Le groupe public France Télévisions est dans «une situation financière critique qui impose sans délai des réformes structurelles jusqu’ici ajournées», avertit la Cour des comptes dans un rapport publié ce mardi 23 septembre. «La dynamique des charges de personnel et de fonctionnement ainsi que le poids des investissements nécessaires notamment dans le numérique rendent aujourd’hui inéluctables» des changements dans le groupe présidé par Delphine Ernotte Cunci, juge la Cour, dix ans après un précédent contrôle.

L’institution de la rue Cambon ne pointe pas de responsable direct de la situation mais demande que l’Etat fixe à l’entreprise «une trajectoire financière réaliste», après des «orientations contradictoires» en 2023 et 2024. L’institution présidée par Pierre Moscovici préconise également que le grand accord social s’appliquant à l’entreprise soit renégocié «dans les meilleurs délais» – ce qui est prévu.

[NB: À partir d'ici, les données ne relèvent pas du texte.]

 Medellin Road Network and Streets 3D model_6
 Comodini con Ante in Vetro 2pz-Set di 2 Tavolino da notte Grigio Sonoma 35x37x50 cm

L’adoption d’un budget 2025 en déficit de 40 millions d’euros «confirme l’impasse dans laquelle se trouve aujourd’hui la première entreprise de l’audiovisuel public», malgré des réformes depuis une décennie ayant «permis de dégager des marges de manœuvre significatives», insistent les «sages» de la rue Cambon.

Dans un courrier à la Cour consulté par l’AFP, la dirigeante de France Télé, Delphine Ernotte Cunci assure en retour que «France Télévisions souscrit à l’ensemble des recommandations formulées» et «travaille déjà à leur mise en œuvre».

La dotation publique annuelle à France Télé s’élève à quelque 2,5 milliards d’euros, et le groupe compte quelque 9 000 salariés (équivalent temps plein).

La publication de ce rapport intervient dans un moment où les inquiétudes sur la question financière sont vives au sein de la télévision publique, par ailleurs visée par un projet de réforme porté avec acharnement par la ministre de la Culture démissionnaire, Rachida Dati.

«Il était prévu» dans le projet de budget du gouvernement Bayrou «de nous demander un effort encore supplémentaire», «de l’ordre de 65 millions» en 2026, après 50 millions en 2025, a souligné vendredi Delphine Ernotte Cunci, lors d’un débat au Festival de la fiction de La Rochelle, espérant que le chiffre soit revu à la baisse «Tout y passe dans les lettres plafonds» – les documents transmis par Bercy sur lesquels s’appuie le projet de loi de finances – : «recul du financement des programmes de flux (hors création et information), du sport, des baisses d’effectifs, et aussi «une baisse extrêmement forte sur les engagements de création», a-t-elle ajouté.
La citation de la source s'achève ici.